Keprionline.co.id, BATAM – Kondisi memprihatinkan ruas Jalan Raden Patah Blok 3, Kecamatan Lubuk Baja, Kota Batam, menjadi sorotan tajam publik. Jalan yang dipenuhi lubang serta kerap tergenang air saat hujan dinilai mengganggu aktivitas masyarakat dan membahayakan keselamatan pengguna jalan.
Berdasarkan pantauan di lapangan, kerusakan jalan diduga semakin parah akibat penutupan saluran drainase secara permanen di sepanjang jalur tersebut. Ironisnya, penutupan ini tidak disertai pembangunan bak kontrol maupun sistem pengelolaan air sesuai standar teknis.
Akibatnya, setiap kali hujan turun, kawasan tersebut langsung tergenang air dengan ketinggian mencapai sekitar 30 sentimeter. Genangan ini diduga menjadi faktor utama mempercepat kerusakan jalan dalam waktu singkat.
Tak hanya itu, saluran drainase yang seharusnya berfungsi mengalirkan air justru diduga dialihfungsikan sebagai area parkir, mulai dari kawasan sekitar sekolah hingga area komersial di dekat The L Hotel. Bahkan, ditemukan pula indikasi penutupan akses drainase di area proyek pembangunan tanpa perizinan dan perencanaan teknis yang jelas.
Kondisi ini menuai kekecewaan dari masyarakat. Salah seorang pelaku usaha di lokasi, Lambok Pranata Sihombing, mengaku geram karena permasalahan tersebut tak kunjung mendapat perhatian serius.

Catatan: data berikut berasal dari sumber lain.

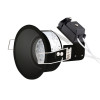 MAXLIGHT H0111 OPRAWA WPUSTOWA DEEP CZARNA GU10 MAXLIGHT H0111 OPRAWA WPUSTOWA DEEP CZARNA GU10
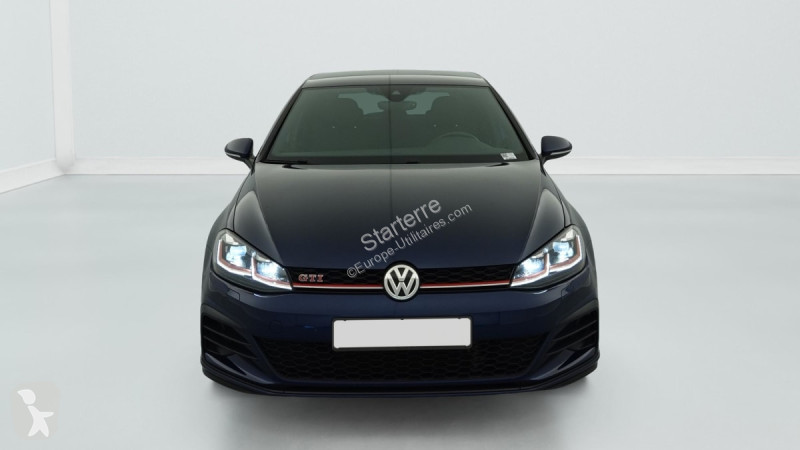Volkswagen  GOLF Transporter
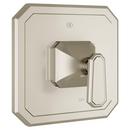 DXV Brushed Nickel Single Handle Bathtub & Shower Faucet (Trim Only) 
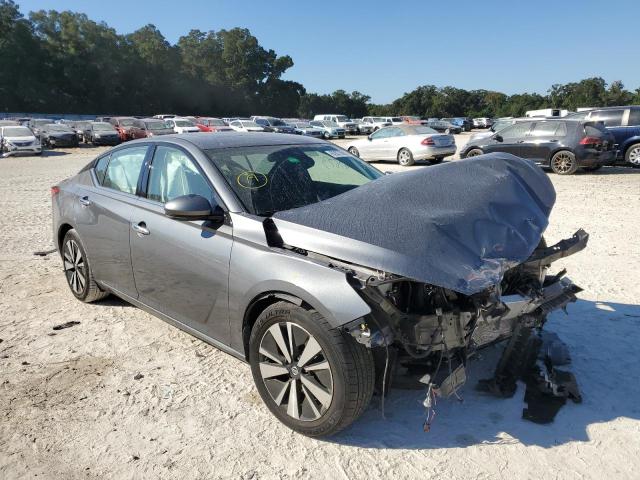 NISSAN ALTIMA SL 2019 1n4bl4ev5kc154108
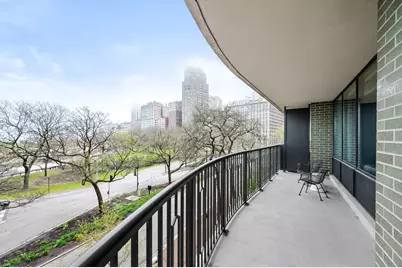 1040 N Lake Shore Drive #4C, Chicago, IL 60611 - Photo 26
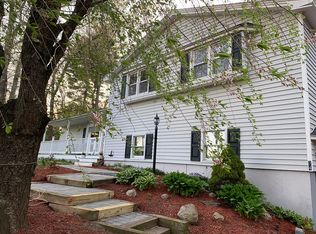 74 Crosby Rd, Grafton, MA 01519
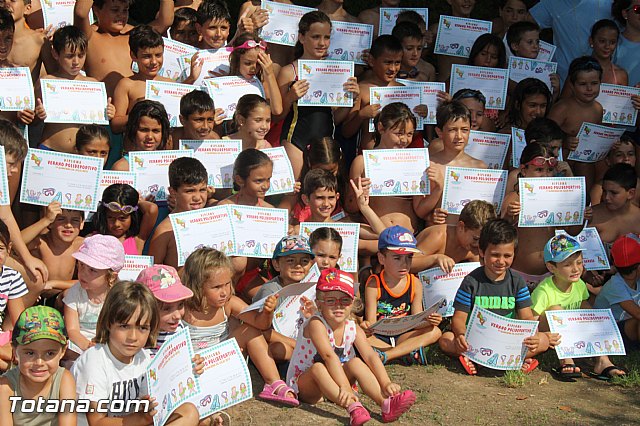 Verano Polideportivo 2015 - 165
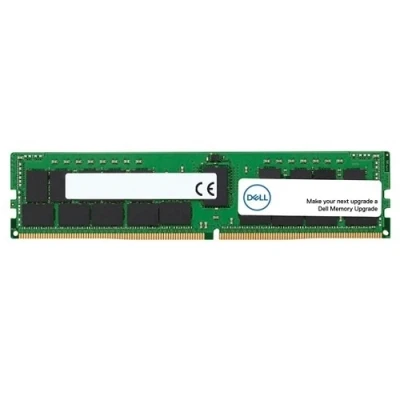Afbeelding van Dell Servergeheugen AA799087 1x 32 GB (1 x 32GB, 3200 MHz, DDR4 RAM, DIMM 288 pin), RAM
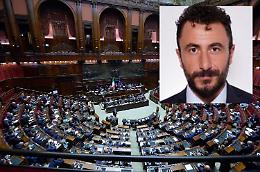 Pozzolo sospeso da gruppo Fratelli d'Italia alla Camera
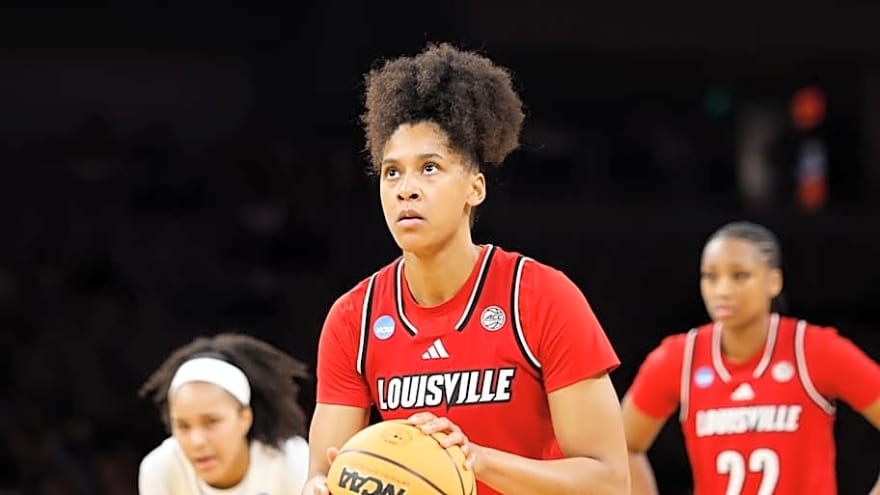 Notre Dame Women's Basketball Lands First Transfer Portal Player of 2026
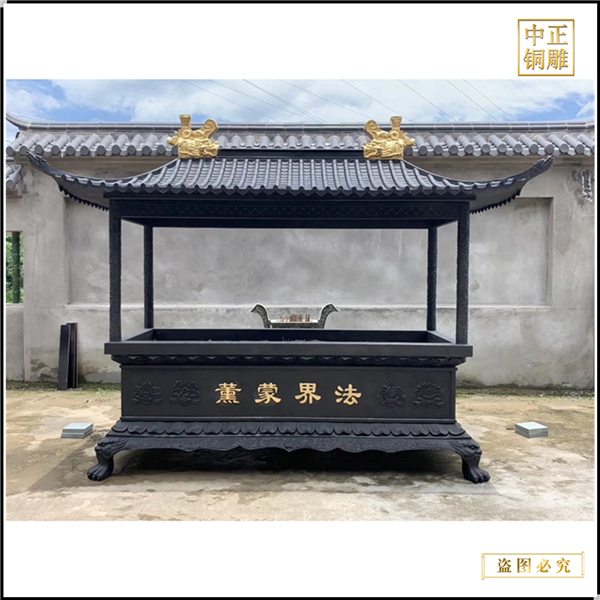 1.供應佛寺寺院長方形銅香爐.jpg 1.供應佛寺寺院長方形銅香爐.jpg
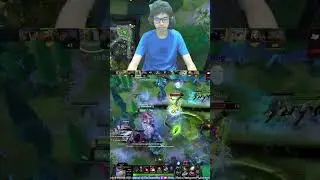 The Vengeful Turnaround: Triple Kill, Total Wipe! | #holy_melo on #Twitch #Kick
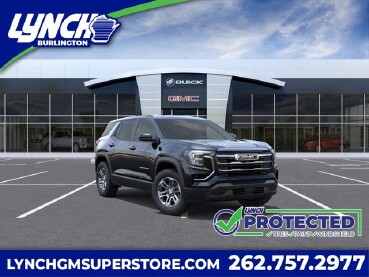 2026 GMC Terrain in Burlington, WI 53105
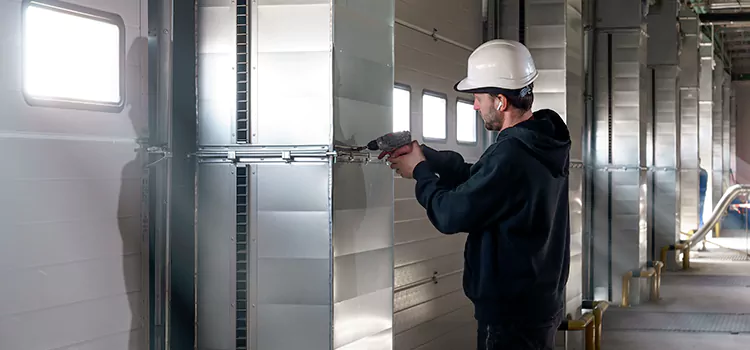 Prompt and Professional Garage Door Service in McKeesport, Pennsylvania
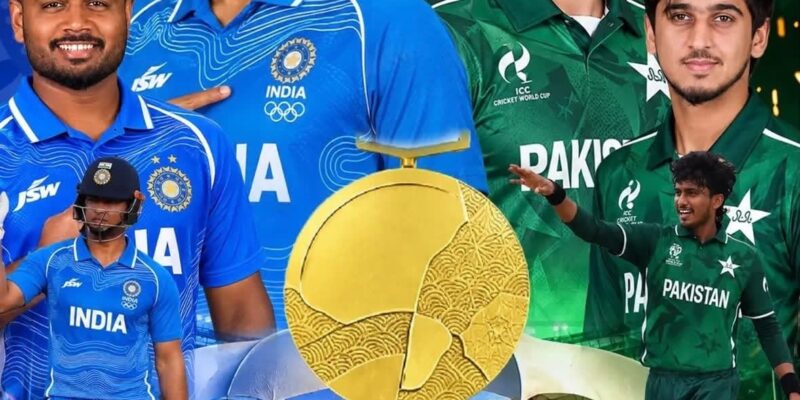 India will play against Pakistan in the 2026 Asian Games Gold Medal Match. For Preview of the game, Read More.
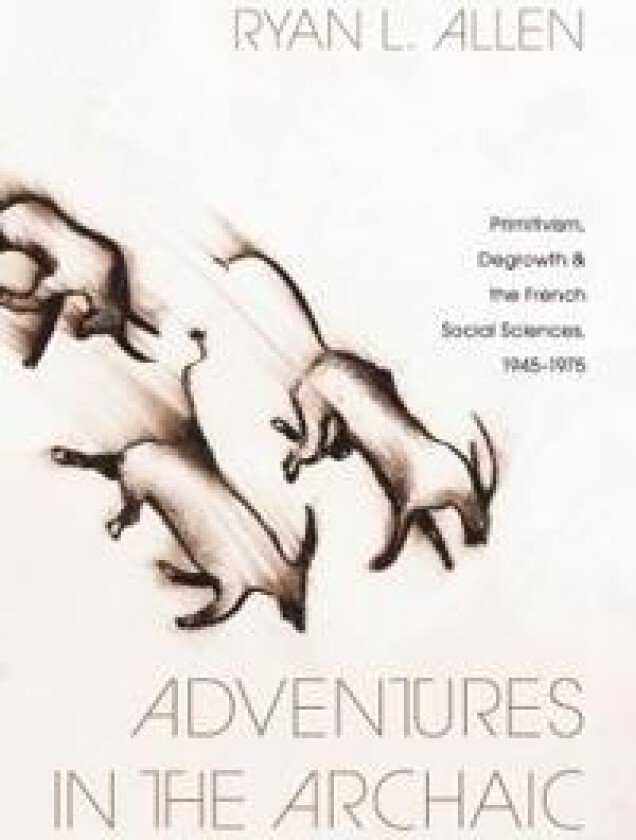 Adventures in the Archaic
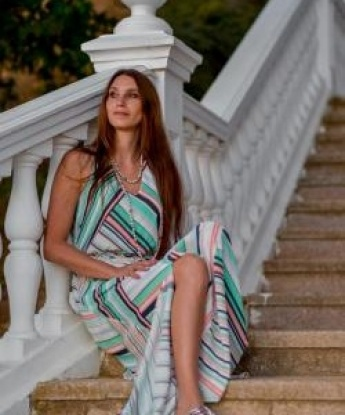 Галина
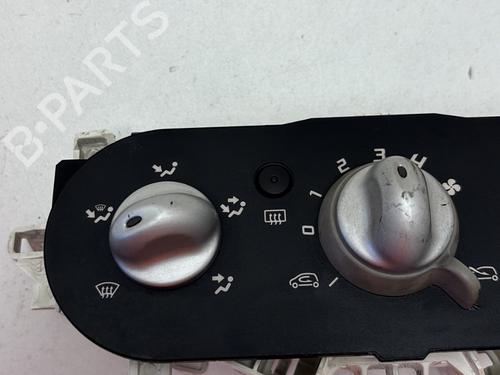 Climate control RENAULT TWINGO II (CN0_) 1.5 dCi (CN0E) | BP29912067I5 - Image 4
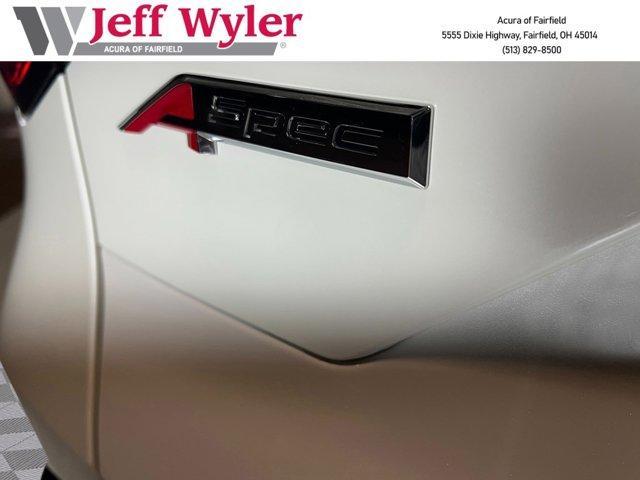 new 2026 Acura MDX car, priced at $64,450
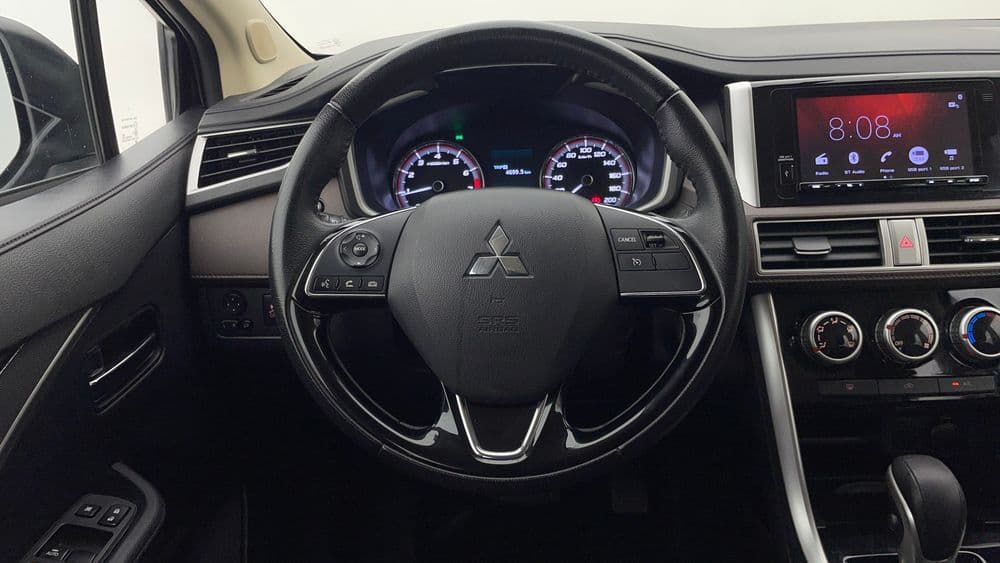 ميتسوبيشي إكسباندر 2023 مستعملة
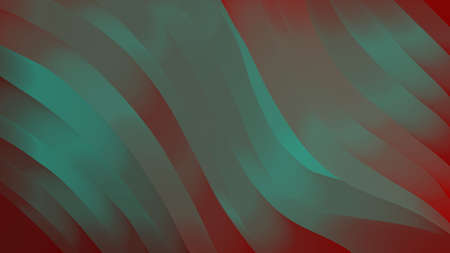 Dark red liquid pattern background. Presentation background design. Suitable for wallpaper, poster, backdrop, presentation, flyer, promotion, advertising, etc.の写真素材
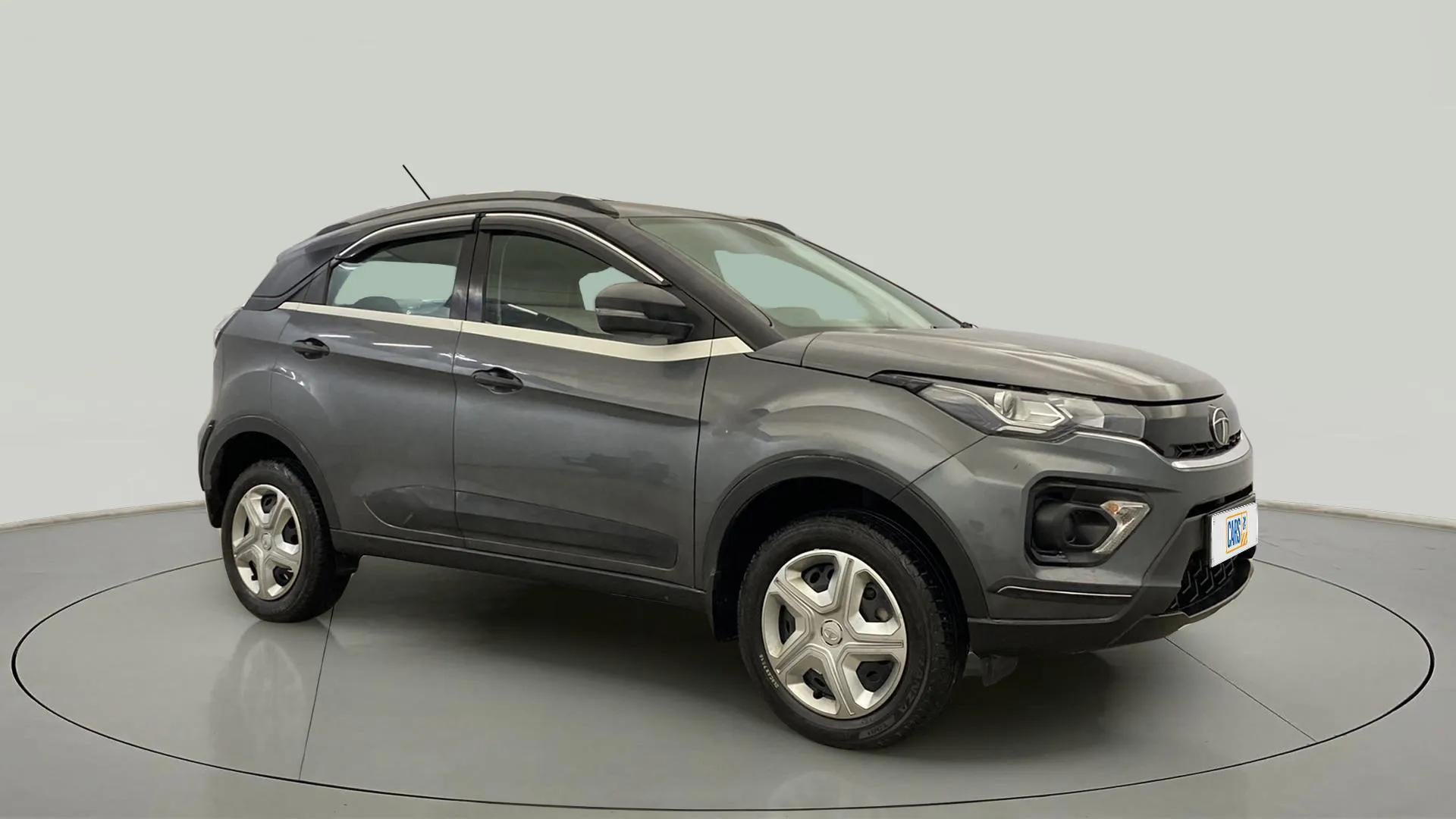 Tata NEXON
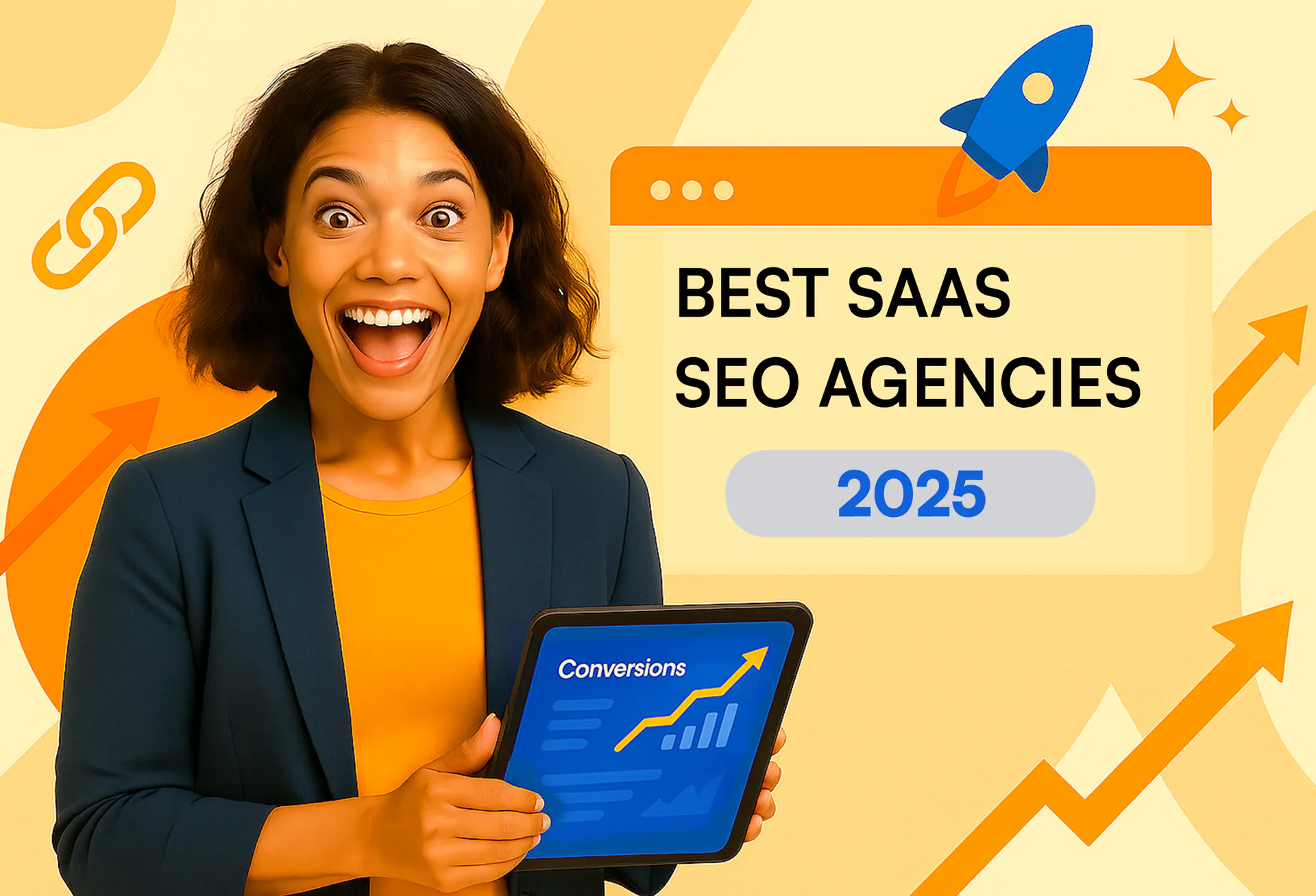 Top 11 Best SaaS SEO Agencies in 2026 (That Drive Pipeline, Not Just Traffic)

“Kami taat membayar pajak, tetapi kondisi jalan seperti ini seolah dibiarkan. Harusnya ada bak kontrol, jangan asal tutup drainase. Kalau hujan turun, ini bisa jadi seperti kolam,” ujarnya.
Dari sisi hukum, penutupan drainase tanpa izin dan tidak sesuai standar teknis berpotensi melanggar aturan tata kelola infrastruktur dan lingkungan. Publik pun menyoroti lemahnya pengawasan dari BP Batam dan Pemerintah Kota Batam terhadap aktivitas pembangunan di kawasan tersebut.
Hingga berita ini diturunkan, belum ada pernyataan resmi maupun langkah konkret dari pihak berwenang. Minimnya respons tersebut semakin memperkuat dugaan adanya pembiaran terhadap kerusakan fasilitas umum.
Warga dan pelaku usaha mendesak pemerintah serta instansi terkait untuk segera mengambil langkah tegas, di antaranya:
- Melakukan perbaikan total jalan yang rusak
- Menormalisasi dan membuka kembali saluran drainase
- Membangun bak kontrol sesuai standar teknis
- Mengevaluasi izin pembangunan di kawasan tersebut
Masyarakat berharap permasalahan ini segera ditangani agar tidak terus berlarut dan mengancam keselamatan pengguna jalan. (Oky).